HC Deb 04 May 1886 vol 305 cc265-7
MR. H. G. REID (Aston Manor)

asked Mr. Attorney General, If his attention has been called to the decisions in election petitions under the Corrupt Practices Act, and to the unseating of Members in constituencies where it was proved the provisions and spirit of the Act had been impressed on the committees by the candidates, and carried out, with trifling exceptions over which they had no direct control, and which did not materially affect the elections, specially:—Barrow in Furness, where the sitting Member was unseated and burdened with heavy expenses because refreshments were provided, according to evidence, in very moderate quantities, for actual workers on the day of the election, as was done in the majority of constituencies, and held to be permissible by the legal authorities who prepared editions of the Act for the guidance of candidates; also Ipswich and Norwich, where the elections were voided because small amounts had been paid or promised by irresponsible members of large committees without the cognizance and contrary to the instructions of the candidates and their duly appointed agents; also the Stepney Division of the Tower Hamlets, in which, although the successful candidate retained his seat, he was mulcted in heavy expenses; and, whether it is the intention of the Government to adopt any measure for amending or explaining the Act so as to prevent such uncertainty in the future, and the infliction upon the innocent of heavy penalties?

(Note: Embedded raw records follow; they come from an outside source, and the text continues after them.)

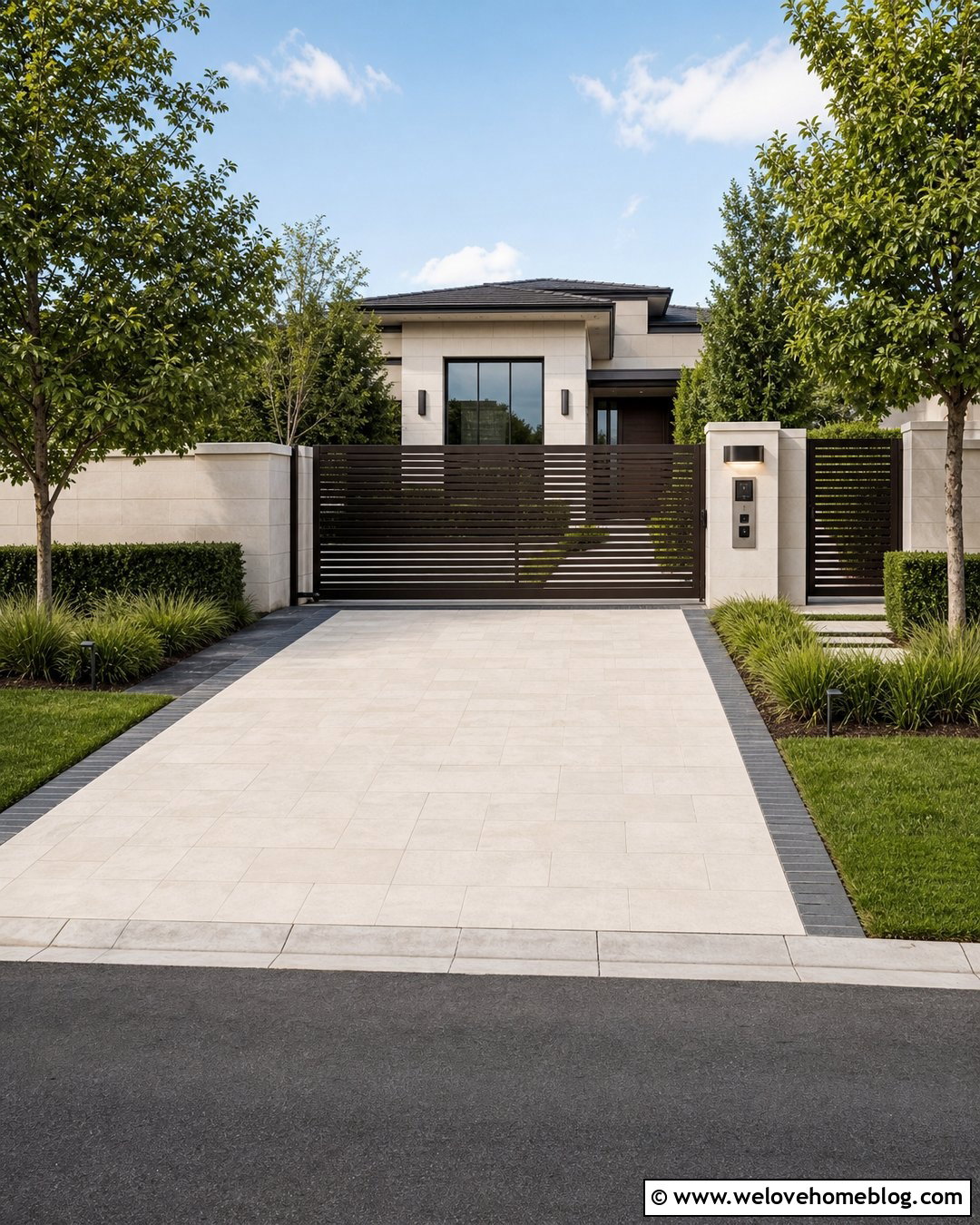 Modern Smart Driveway Gate With Address Sign - 20 Modern Entry Gates Driveway Ideas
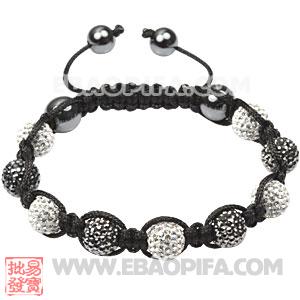 Fashion Tresor Bracelets with white-black Czech Crystal and Hematite beads 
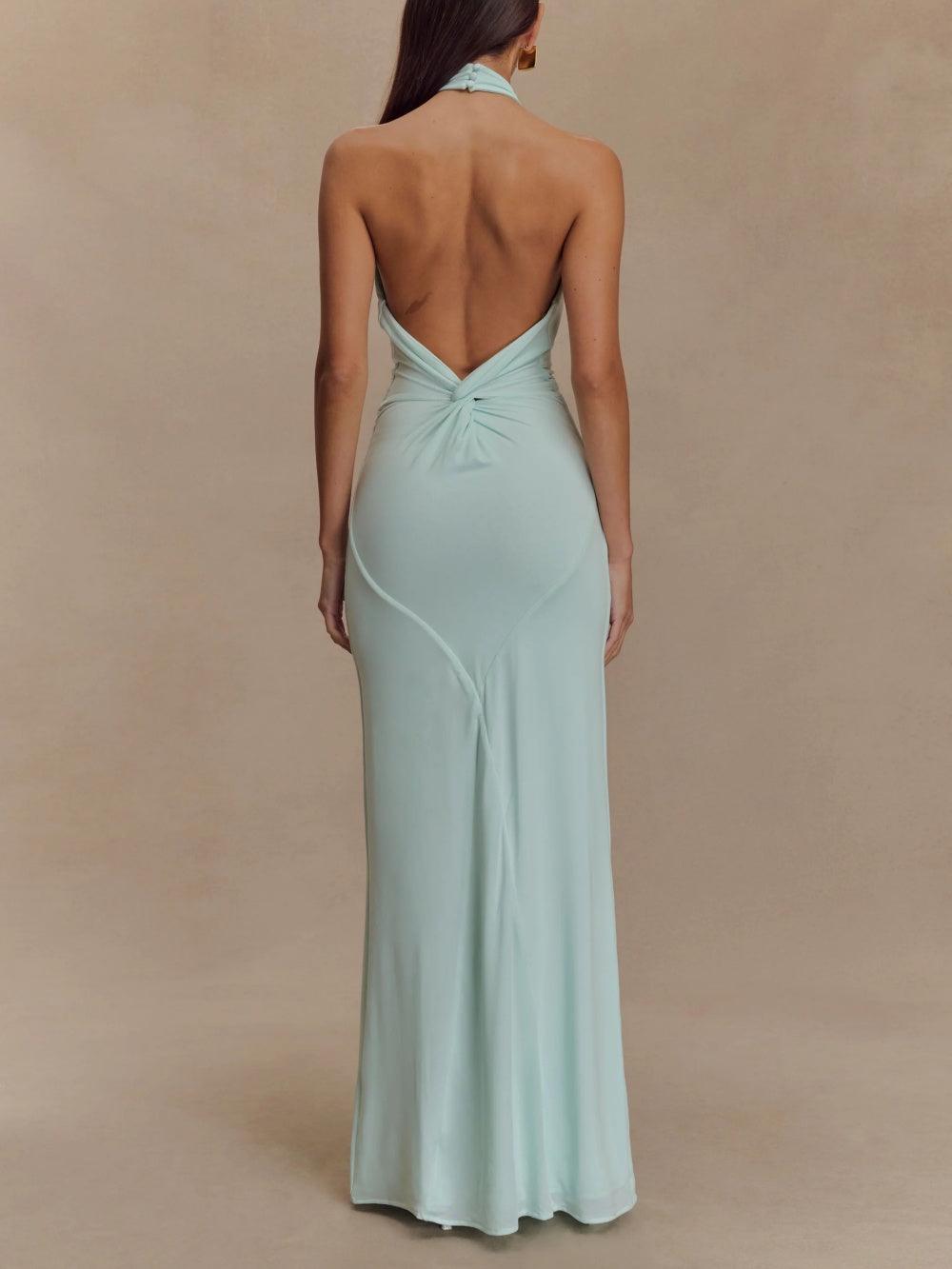 Halter maxi dress with twisted neckline, ruched waist and low open back - view 6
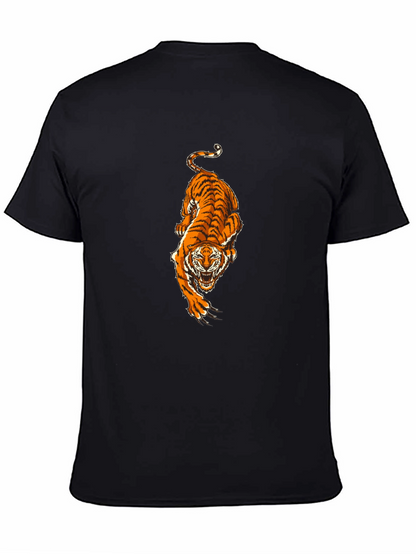 Black T-Shirt with Tiger Print
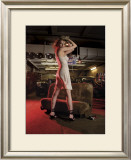 Hot Rod Pin-Up Girl Framed Giclee Print by David Perry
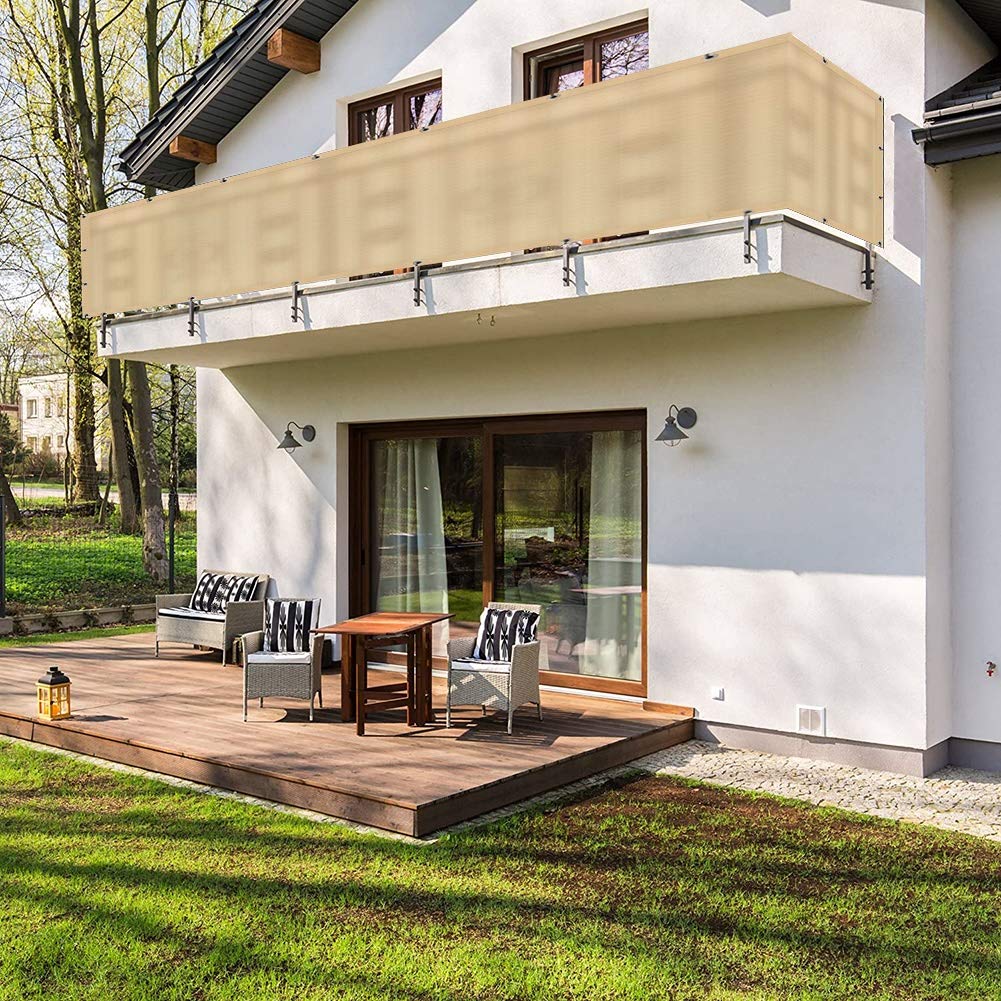 Osłona balkonowa, osłona przeciwsłoneczna na przednią szybę z linką i opaskami kablowymi, 100% HDPE, osłona na balkon, 48 rozmiarów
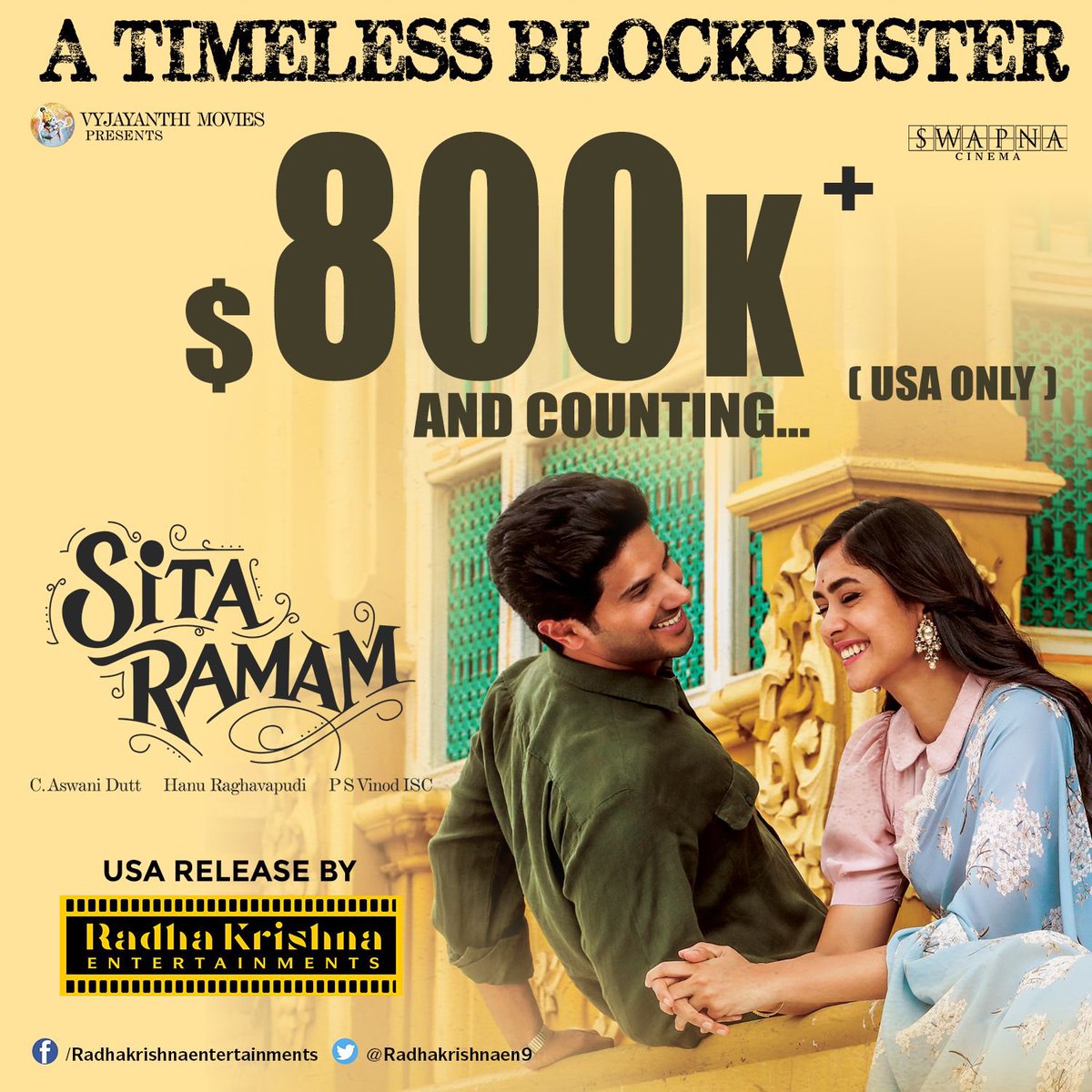 cinebucket's tweet photo. #SitaRamam Gross in USA $816,616 so far !!

Need $183,384 for reaching one million milestone.

#DulquerSalmaan #MrunalThakur #RashmikaMandanna https://t.co/LjPiHjLZAV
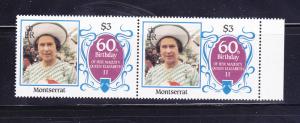 Montserrat 602 Pair EFO MNH Queen Elizabeth II (A)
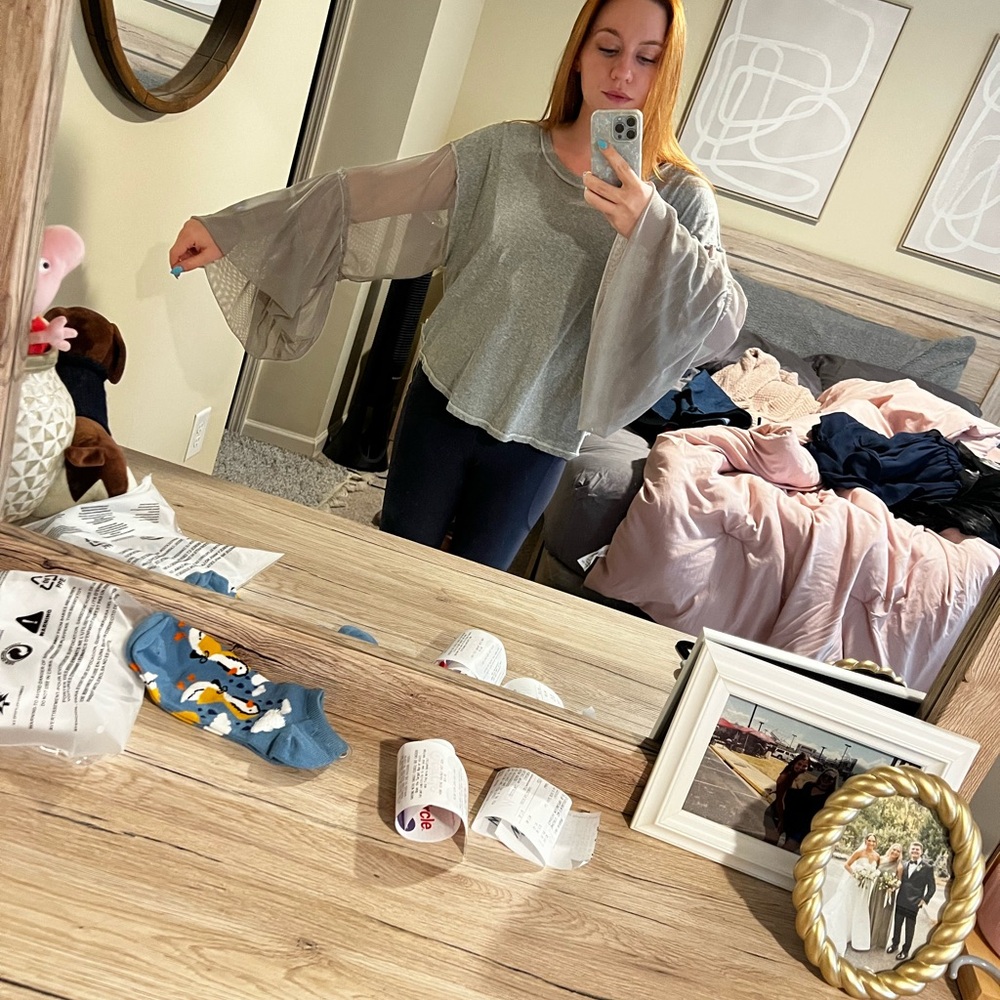 Free People Heather Gray Tee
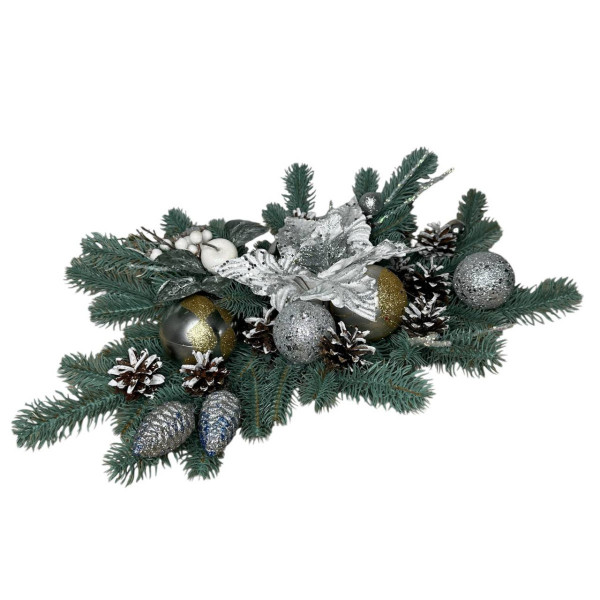 Композиція новорічна з іграшками 19692 55х40 см золотиста із сріблястим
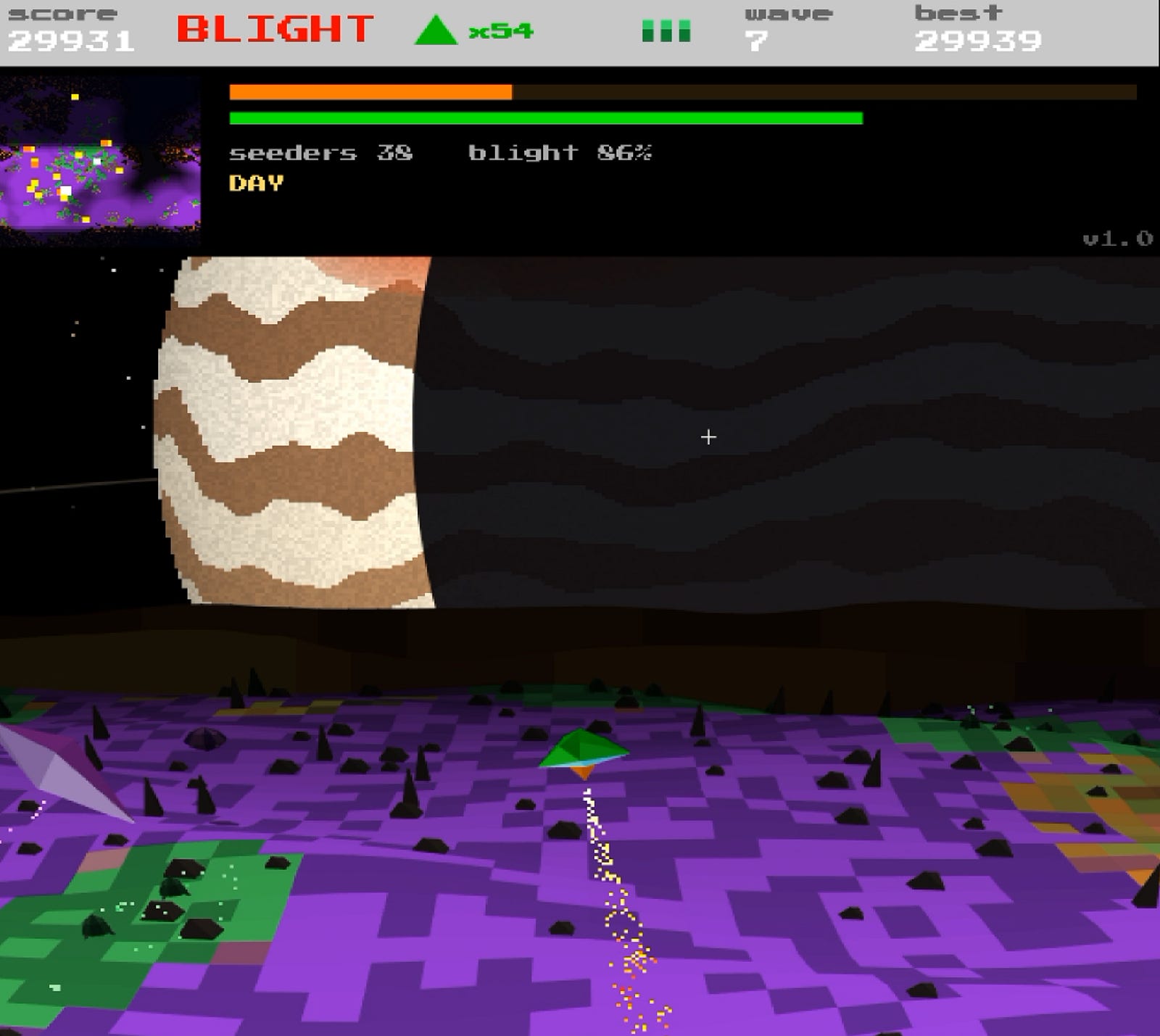 BLIGHT.IO: Jupiter overhead, the blight spreading purple across the ground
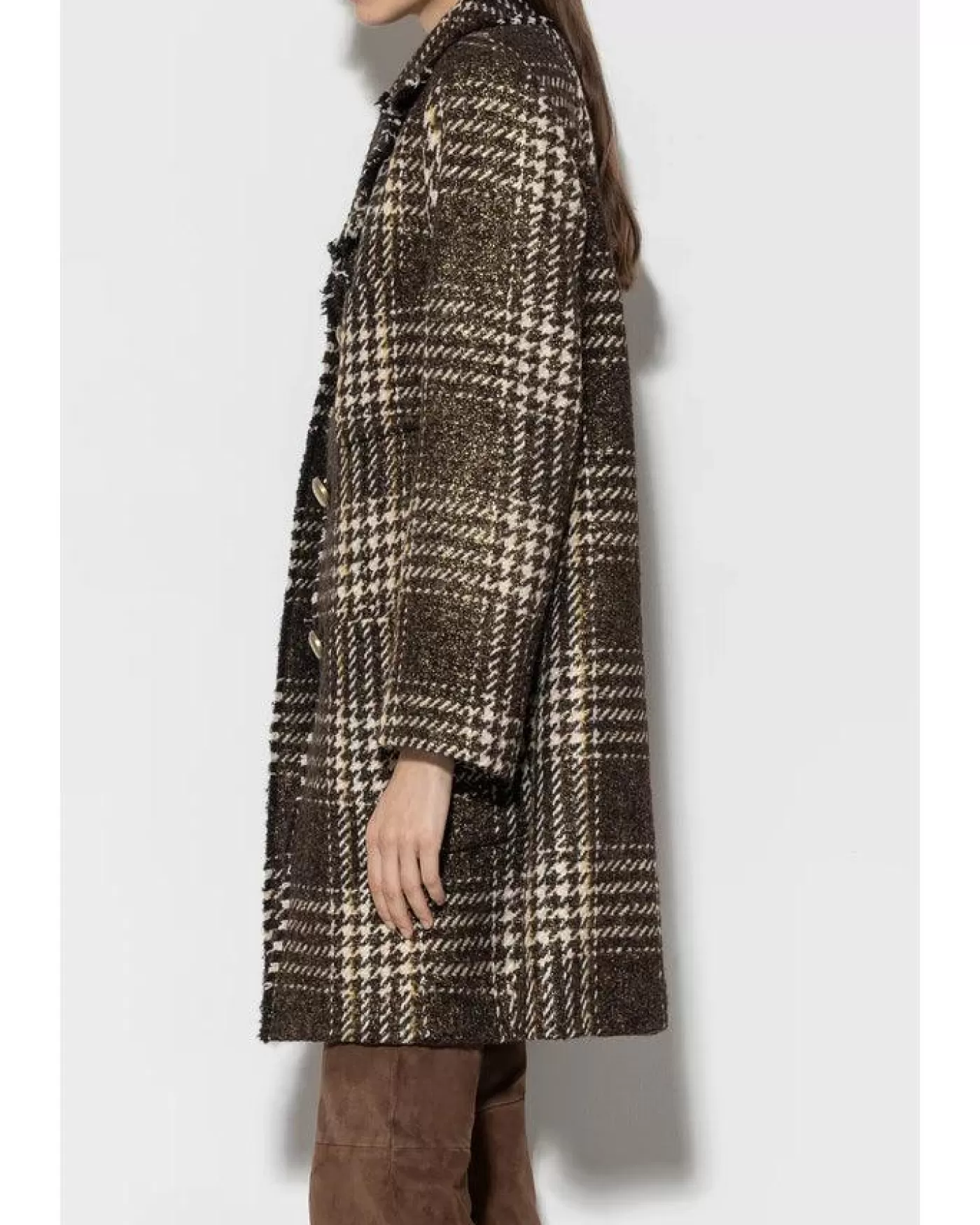 Luisa Cerano Vintage Check Coat BrownMulti Clearance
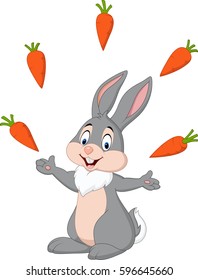 Cartoon rabbit juggling carrots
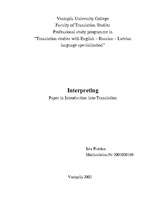 Kutatási anyagok 'Interpreting', 1.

, in reply, said, that the cases which were mentioned did not stand precisely in the same position. With regard to Barrow-in-Furness, the Member was unseated there for an illegal practice in the form of an illegal payment; and, under the 22nd and 23rd sections of the Corrupt Practices Act of 1883, the Election Judges might, if they had seen fit in the circumstances of the case, have held that it was no sufficient ground for unseating the Member. In the cases of Ipswich and Norwich, the acts there were corrupt practices, but of a very small kind unquestionably. They were not cases that came under the Corrupt Practices Act of 1883; they would have been grounds for unseating a Member under the prior law. When the Corrupt Practices Bill was before the House, his hon. Friend the Financial Secretary to the Treasury (Mr. Henry H. Fowler) moved a clause which would have had the effect of enabling Judges to deal with small and trivial acts of corruption, for which the candidate was not morally responsible, in the same way as under the 22nd and 23rd sections of the Act of 1883. The Amendment of his hon. Friend upon a division was negatived; and, under these circumstances, he could not say that the time had arrived for considering any fresh change in the law with regard to the matter. In ordinary litigation costs followed the event, unless the Judge who tried the case for good reasons saw right to order otherwise. That was substantially the law with regard to Election Petitions—namely, that the costs were in the discretion of the Judges, and the Government did not see that any better rule could be made applicable to that kind of cases.


gave Notice that he would on an early day call attention to the decisions under the Corrupt Practices Act, and move a Resolution.